2.8 Statistical analyses
All statistical analyses were conducted using GraphPad Prism version 9. Details on the specific statistical tests used are provided in the corresponding figure legends. A p value of ≤0.05 was considered statistically significant.
3 Results
3.1 NF-κB promoter activation is counteracted during HAdV-C5 productive infection
It has been shown that proteins from the HAdV-C5 E3 region have immunomodulatory functions (29). Therefore, we used HAdV-C5, which does not encode the viral E3 region, to elucidate the role of HAdV-C5 proteins on NF-κB regulation during viral infection. We first investigated whether the NF-κB promoter is activated during a productive infection by HAdV-C5, comparing the activation levels to those triggered by TNFα, a representative of well-known activators of NF-κB signaling (30). The rationale behind this comparison is that TNFα, which is frequently secreted by macrophages or infected cells, binds to TNF receptors on nearby cells, thereby activating an immune response and preparing these cells to defend against potential infections. This approach allows us to assess NF-κB promoter activation in inflamed or primed cells (Figure 1). To control luciferase expression of the (5x) NF-κB-ELAM-promoter, the construct was transfected, and cells were treated for 24 h with 20 ng/ml TNFα 6 h post-transfection and harvested after indicated time points before cell lysis. H1299 cells treated with 20 ng/ml TNFα induce threefold luciferase expression after 4 h, raising up to 4.5 fold 24 h post-treatment (Figure 1A). However, H1299 cells infected with HAdV-C5 with an MOI of 20 or 100 did not show activation at any time point after infection. NF-κB activity is even slightly reduced at 24 h p.i. at MOI 20 and 100 compared to non-infected cells (Figures 1B, C). These results suggest that HAdV-C5 does not activate NF-κB in a manner similar to TNFα and it can be assumed that HAdV-C5 encodes for a protein that counteracts NF-κB activity. Thus, in the early phase of infection, the virus does not significantly disrupt the TNFα-induced activation of NF-κB. However, in the later phase of infection, the virus may interfere with TNFα activity.
Figure 1
Figure 1. NF-κB promoter activity is not induced during HAdV-C5 productive infection. H1299 cells were transfected with 0.5 μg of the Renilla luciferase vector pRL-TK and 0.5 μg of the NF-κB reporter construct (5x-NF-κB-ELAM-promoter). (A) Cells were treated with 20 ng/ml TNFα and samples were collected and lysed at the indicated time points. (B, C) Cells were infected with HAdV-C5 wt (H5pg4100) at an MOI of either 20 or 100, as indicated. (D, E) Cells were treated with TNFα 2 h prior to infection and were subsequently infected for the indicated duration before lysis.

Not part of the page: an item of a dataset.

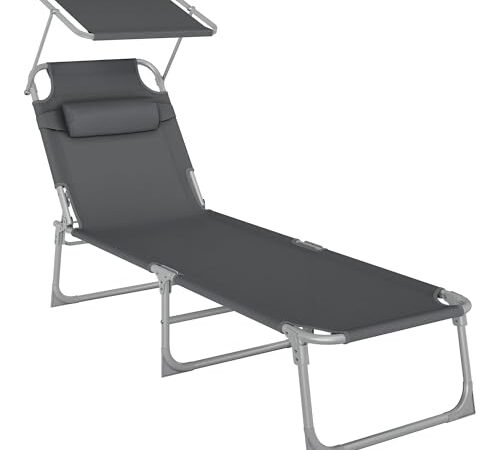 SONGMICS Chaise Longue Pliable avec Pare-soleil SONGMICS Chaise Longue Pliable avec Pare-soleil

Total cell extracts were prepared, and luciferase activity was measured. Firefly luciferase activity from the NF-κB-responsive reporter was normalized to Renilla luciferase activity to account for transfection efficiency. The mean and standard deviations from three technical replicates are presented. To assess adenoviral infection and ensure equal amounts of cell lysate were used, total cell lysates were resolved by SDS-PAGE and visualized via immunoblotting. E2A levels, used as an infection control, were detected with mAb B6-8 (α-E2A), while β-actin was detected with mAb AC-15 (α-β-actin) to serve as a loading control. Molecular weights (in kDa) are indicated on the left, with corresponding proteins labeled on the right.
In order to further investigate TNFα-mediated NF-κB activation, we combined infection with TNFα treatment. As shown, TNFα activates NF-κB 4 h p.i. The activity is not affected due to adenoviral infection at different virus concentrations (Figures 1D, E). Intriguingly, TNFα-mediated activation of NF-κB is decreased to the level of non-treated cells 24 h p.i. (Figures 1D, E). Therefore, we assume that HAdV-C5 encodes for a protein that counteracts this host defense mechanism.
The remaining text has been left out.